Taken together, an example would be:
npx @hdr/browser --agentProvider openai --agentModel gpt-4 --agentApiKey [key] --objective "how many editors are on wikipedia?" --startUrl "https://google.com"
Storing commonly reused information
When running @hdr/browser
under npx
, we will check for both environment variables and an optional config.json
file.
config.json
Here is an example config.json
:
{
"agentProvider": "openai",
"agentModel": "gpt-4",
"agentApiKey": "a-key",
"inventory": [
{
"value": "student",
"name": "Username",
"type": "string"
},
{
"value": "Password123",
"name": "Password",
"type": "string"
}
],
"headless": true
}
You can then call your browser by running
npx @hdr/browser --config config.json
The script will ask for your start URL and objective if not provided in the config.json or with the --objective
and --startUrl
flags.
Setting environment variables
You can also set all flags as environment variables. We check for the following:
HDR_AGENT_PROVIDER
HDR_AGENT_MODEL
HDR_AGENT_API_KEY
HDR_HEADLESS
Objective, start URL and inventory cannot be set with environment variables.
Running as a server
If you are using @hdr/browser
in another language stack, like Python, we recommend running the browser in server mode.

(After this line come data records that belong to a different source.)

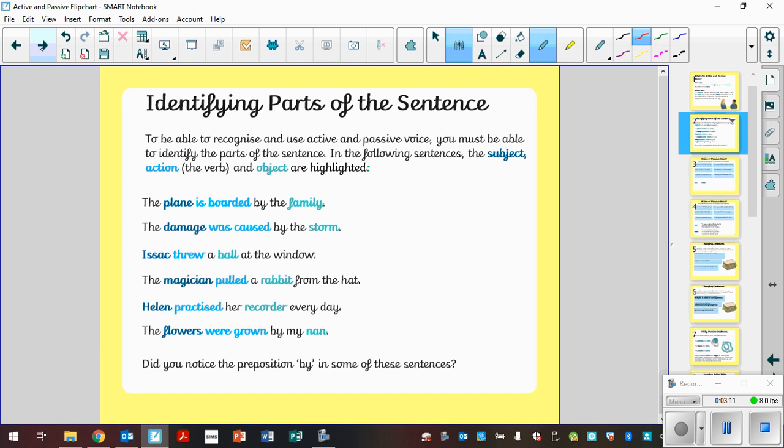And it says here, did you notice the preposition by in some of these sentences? The plane is boarded by the family, for example. The flowers were grown by my nan. Now, some of the time, this would indicate that those sentences are written in the passive. So the plane is boarded by the family is the passive.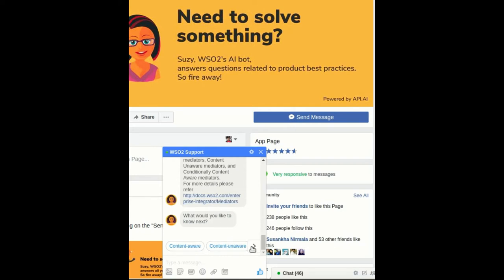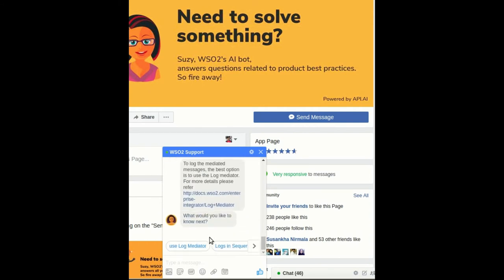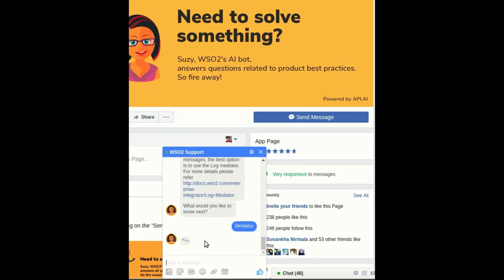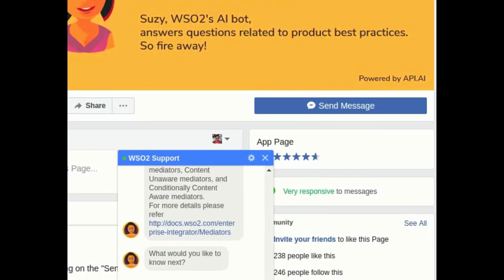Then, you can navigate to the available quick responses and select the one you want. Let's select Log Mediator. If you want to go back to higher level knowledge, you can go back to the mediator quick response. Note that selecting quick responses is similar to entering the same content by typing.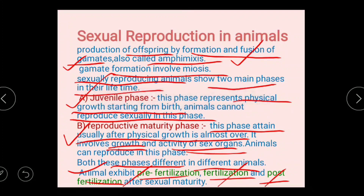In the next video, we will talk about sexual reproduction in detail. Thank you very much.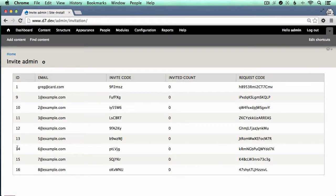Hello, Drupal fans. This is a very quick demo of access bypass in a Drupal site.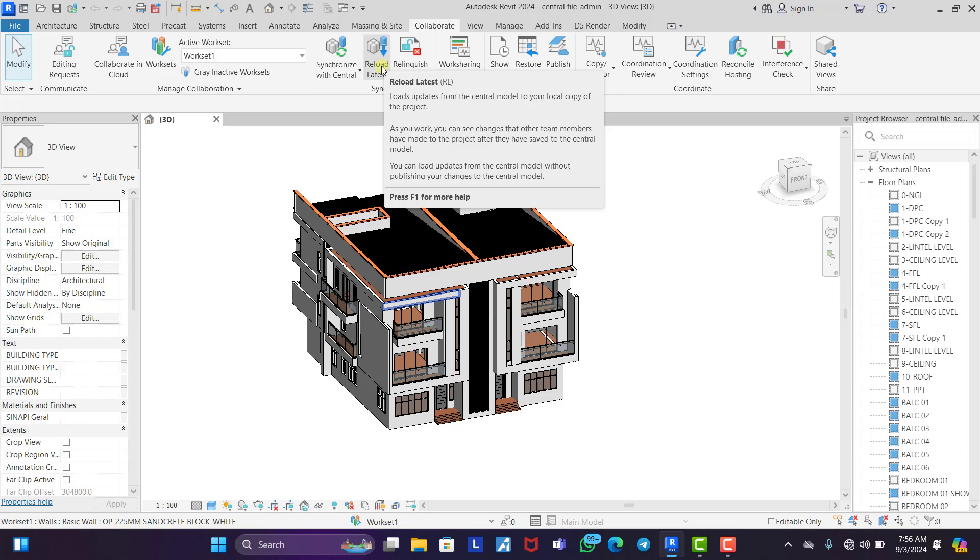So this is just the idea behind work sharing in Revit. It actually helps you to complete your work faster instead of spending more time on a particular project.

To start the webserver, you can run npm run serve
or you can run the server from a container using:
docker build . -t hdr/browser # on arm64 macOS, you may need --platform linux/amd64
docker run -p 3000:3000 -t hdr/browser # --platform linux/amd64
You can access documentation for using the server at localhost:3000/doc
.
Contributing
Before contributing to this project, please review CONTRIBUTING.
To connect with others building with @hdr/browser
, feel free to join our Discord community.
Other licenses
By default, @hdr/browser
sends anonymised, abstracted telemetry to our collective memory, which is governed by its own license agreement and our privacy policy.